Yes, the Harper Hall Trilogy:

Dragongsong (1976)
Dragonsinger (1977)
Dragondrums (1979)

[ http://www.amazon.com/Dragonsong-Harper-Hall-Trilogy-Book/dp/0689860080/ref=sr_1_1?s=books&ie=UTF8&qid=1375539168&sr=1-1 ], but the protagonist is not the Master Harper Robinton but Menolly, a 15 y.o. girl from a small fishing village with musical talent who discovers and befriends (imprints) a clutch of fire lizards (small cousins of the great Dragons of Pern).

Respectfully,
Dr. Bob (who sometimes feel like the Forum's Librarian/Archivist of Forgotten SF and Fantasy. [Wink]

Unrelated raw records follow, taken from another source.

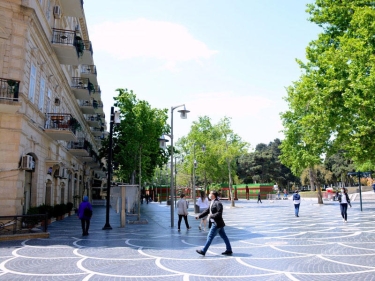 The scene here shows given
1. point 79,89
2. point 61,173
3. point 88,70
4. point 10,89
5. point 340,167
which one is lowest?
point 61,173

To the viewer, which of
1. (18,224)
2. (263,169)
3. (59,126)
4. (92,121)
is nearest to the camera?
(18,224)

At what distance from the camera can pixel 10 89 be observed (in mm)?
14305

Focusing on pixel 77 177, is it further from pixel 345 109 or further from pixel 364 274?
pixel 364 274

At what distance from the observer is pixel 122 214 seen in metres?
18.0

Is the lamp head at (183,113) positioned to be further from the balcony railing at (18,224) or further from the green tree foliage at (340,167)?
the green tree foliage at (340,167)

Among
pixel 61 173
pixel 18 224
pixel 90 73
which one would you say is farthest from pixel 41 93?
pixel 90 73

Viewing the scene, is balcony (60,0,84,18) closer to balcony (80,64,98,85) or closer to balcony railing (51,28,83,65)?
Result: balcony railing (51,28,83,65)

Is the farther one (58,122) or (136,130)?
(136,130)

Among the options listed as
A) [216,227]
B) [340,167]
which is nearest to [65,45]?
[216,227]

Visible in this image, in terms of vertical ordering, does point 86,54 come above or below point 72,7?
below

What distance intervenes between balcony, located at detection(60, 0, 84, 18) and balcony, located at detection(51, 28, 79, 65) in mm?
2204

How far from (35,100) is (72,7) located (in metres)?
9.00

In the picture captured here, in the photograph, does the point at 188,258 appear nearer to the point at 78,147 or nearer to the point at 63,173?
the point at 63,173

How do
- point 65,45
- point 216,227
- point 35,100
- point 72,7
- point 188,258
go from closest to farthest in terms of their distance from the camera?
point 188,258, point 216,227, point 35,100, point 65,45, point 72,7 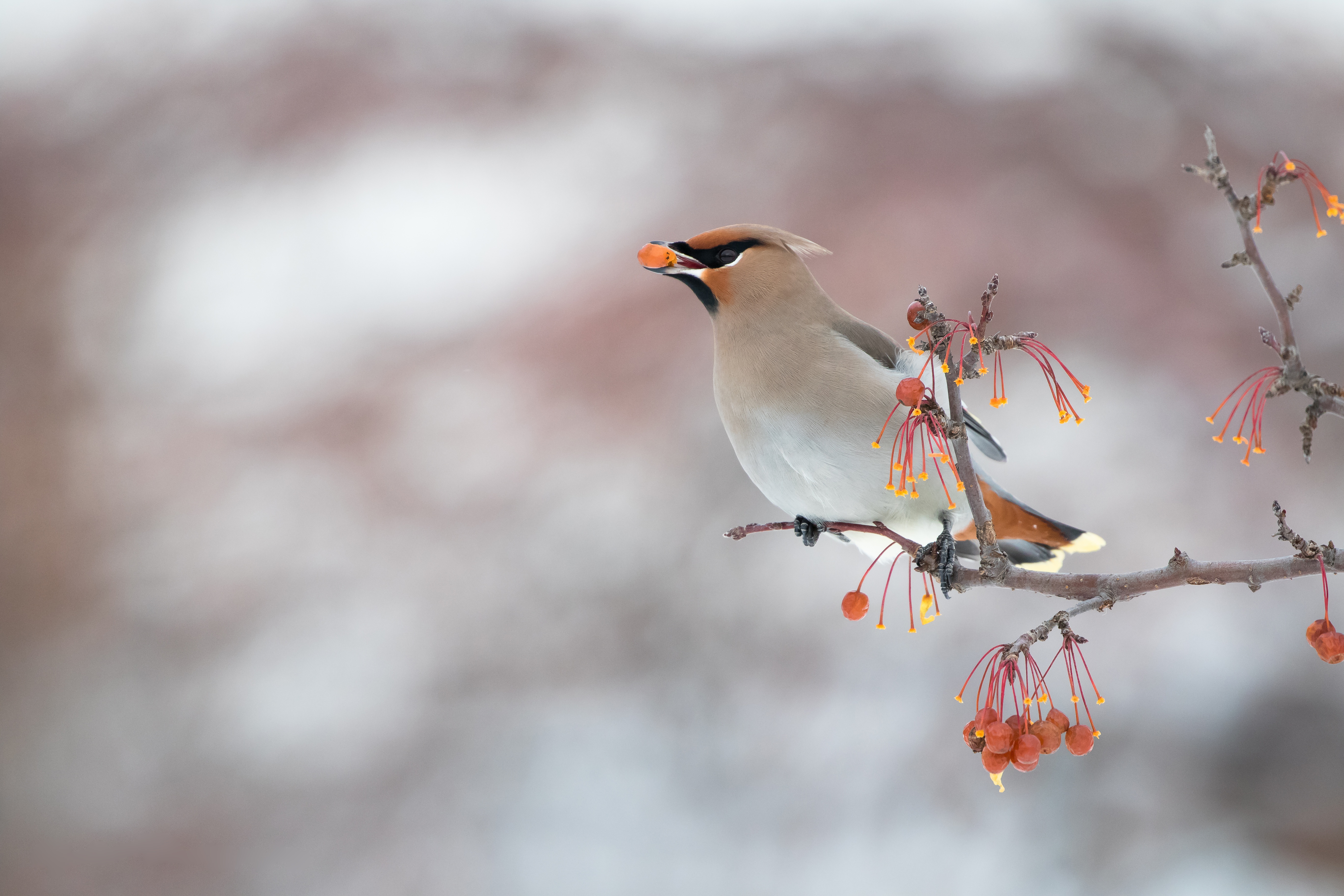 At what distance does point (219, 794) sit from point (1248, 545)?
11.7 feet

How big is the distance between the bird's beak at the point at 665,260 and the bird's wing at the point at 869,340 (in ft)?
0.98

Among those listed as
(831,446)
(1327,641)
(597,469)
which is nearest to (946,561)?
(831,446)

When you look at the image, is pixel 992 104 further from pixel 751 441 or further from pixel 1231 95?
pixel 751 441

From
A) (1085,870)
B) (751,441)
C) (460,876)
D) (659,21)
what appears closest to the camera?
(751,441)

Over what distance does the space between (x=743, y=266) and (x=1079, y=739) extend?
79 cm

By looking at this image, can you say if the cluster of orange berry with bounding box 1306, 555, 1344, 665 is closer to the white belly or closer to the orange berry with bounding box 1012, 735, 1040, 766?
the orange berry with bounding box 1012, 735, 1040, 766

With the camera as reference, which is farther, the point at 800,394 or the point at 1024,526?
the point at 1024,526

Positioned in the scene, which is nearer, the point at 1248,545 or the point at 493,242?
the point at 1248,545

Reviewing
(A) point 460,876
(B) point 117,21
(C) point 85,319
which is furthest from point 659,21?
(A) point 460,876

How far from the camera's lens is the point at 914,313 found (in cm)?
110

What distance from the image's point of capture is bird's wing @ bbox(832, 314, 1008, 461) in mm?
1733

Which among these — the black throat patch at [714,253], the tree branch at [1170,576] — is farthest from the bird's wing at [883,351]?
the tree branch at [1170,576]

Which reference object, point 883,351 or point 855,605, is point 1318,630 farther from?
point 883,351

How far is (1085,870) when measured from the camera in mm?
3463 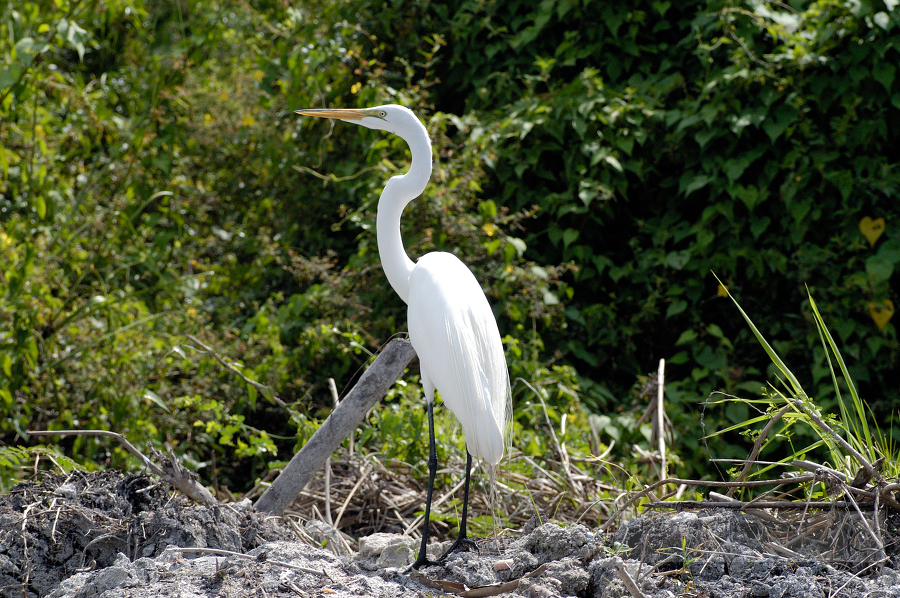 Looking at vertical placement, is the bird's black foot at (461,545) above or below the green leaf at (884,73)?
below

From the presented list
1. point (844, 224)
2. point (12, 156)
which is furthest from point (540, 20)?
point (12, 156)

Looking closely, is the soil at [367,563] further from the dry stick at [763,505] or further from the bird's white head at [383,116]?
the bird's white head at [383,116]

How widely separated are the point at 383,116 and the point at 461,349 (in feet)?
2.57

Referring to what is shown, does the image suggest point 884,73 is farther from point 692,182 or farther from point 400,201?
point 400,201

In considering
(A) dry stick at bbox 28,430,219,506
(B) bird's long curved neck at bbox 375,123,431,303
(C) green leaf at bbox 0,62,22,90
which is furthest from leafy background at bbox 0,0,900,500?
(A) dry stick at bbox 28,430,219,506

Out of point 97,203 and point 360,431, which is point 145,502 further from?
point 97,203

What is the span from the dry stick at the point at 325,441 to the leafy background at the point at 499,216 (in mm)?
825

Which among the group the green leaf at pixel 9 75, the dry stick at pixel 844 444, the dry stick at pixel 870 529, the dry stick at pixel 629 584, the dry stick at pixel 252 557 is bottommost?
the dry stick at pixel 252 557

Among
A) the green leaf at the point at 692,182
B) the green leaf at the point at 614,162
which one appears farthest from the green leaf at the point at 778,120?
the green leaf at the point at 614,162

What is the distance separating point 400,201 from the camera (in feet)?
7.73

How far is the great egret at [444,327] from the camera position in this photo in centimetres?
218

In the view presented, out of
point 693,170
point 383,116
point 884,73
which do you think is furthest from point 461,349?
point 884,73

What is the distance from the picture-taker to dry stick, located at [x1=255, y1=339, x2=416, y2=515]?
93.7 inches

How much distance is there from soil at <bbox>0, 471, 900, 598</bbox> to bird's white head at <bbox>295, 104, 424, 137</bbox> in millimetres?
1217
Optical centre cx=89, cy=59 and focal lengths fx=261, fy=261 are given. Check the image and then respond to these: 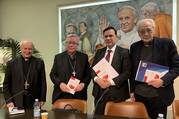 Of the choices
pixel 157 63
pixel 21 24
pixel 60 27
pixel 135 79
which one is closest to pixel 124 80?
pixel 135 79

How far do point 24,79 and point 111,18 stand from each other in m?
1.77

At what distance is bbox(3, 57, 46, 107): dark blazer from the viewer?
3.58 m

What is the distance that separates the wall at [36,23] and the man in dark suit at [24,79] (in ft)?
4.46

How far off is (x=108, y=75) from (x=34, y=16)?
2.70m

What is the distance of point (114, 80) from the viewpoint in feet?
10.0

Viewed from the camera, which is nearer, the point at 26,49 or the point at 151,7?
the point at 26,49

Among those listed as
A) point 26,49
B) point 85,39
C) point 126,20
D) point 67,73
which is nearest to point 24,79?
point 26,49

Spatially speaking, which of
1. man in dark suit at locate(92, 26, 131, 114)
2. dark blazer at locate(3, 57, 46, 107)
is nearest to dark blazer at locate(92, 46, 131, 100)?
man in dark suit at locate(92, 26, 131, 114)

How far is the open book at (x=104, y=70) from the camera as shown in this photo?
3.09 meters

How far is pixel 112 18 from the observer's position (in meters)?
4.36

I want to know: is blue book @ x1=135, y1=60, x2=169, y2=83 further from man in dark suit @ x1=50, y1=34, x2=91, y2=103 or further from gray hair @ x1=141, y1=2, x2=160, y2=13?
gray hair @ x1=141, y1=2, x2=160, y2=13

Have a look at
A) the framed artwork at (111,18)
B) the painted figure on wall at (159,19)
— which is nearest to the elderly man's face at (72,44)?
the framed artwork at (111,18)

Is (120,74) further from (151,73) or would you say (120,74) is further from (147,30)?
(147,30)

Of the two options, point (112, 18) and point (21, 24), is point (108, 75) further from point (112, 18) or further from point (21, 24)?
point (21, 24) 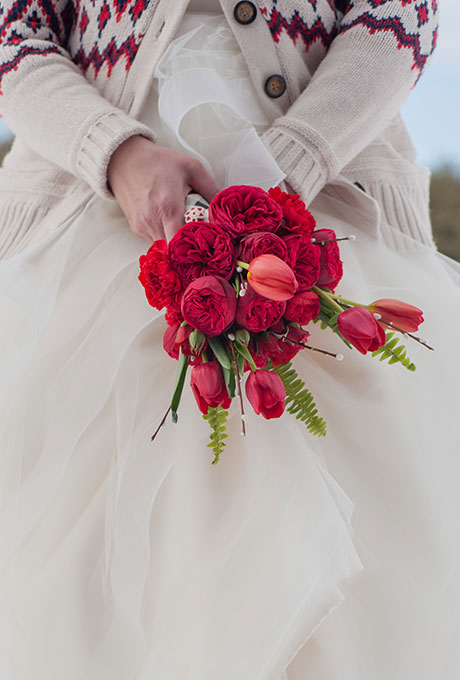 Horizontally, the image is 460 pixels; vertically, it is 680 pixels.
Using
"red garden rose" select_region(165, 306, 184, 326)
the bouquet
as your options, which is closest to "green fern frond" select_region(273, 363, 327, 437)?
the bouquet

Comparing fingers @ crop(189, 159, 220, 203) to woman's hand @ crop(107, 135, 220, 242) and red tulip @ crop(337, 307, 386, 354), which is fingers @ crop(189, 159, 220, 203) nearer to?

P.S. (and of possibly of interest to you enigma...) is that these YA Pern novels directly tie-in and include characters and events of her initial award-winning adult sf trilogy The Dragonriders of Pern http://www.amazon.com/Dragonriders-Pern-Anne-McCaffrey/dp/0345340248/ref=sr_1_1?s=books&ie=UTF8&qid=1375540538&sr=1-1&keywords=dragonriders+of+pern

[ August 03, 2013, 10:36 AM: Message edited by: History ]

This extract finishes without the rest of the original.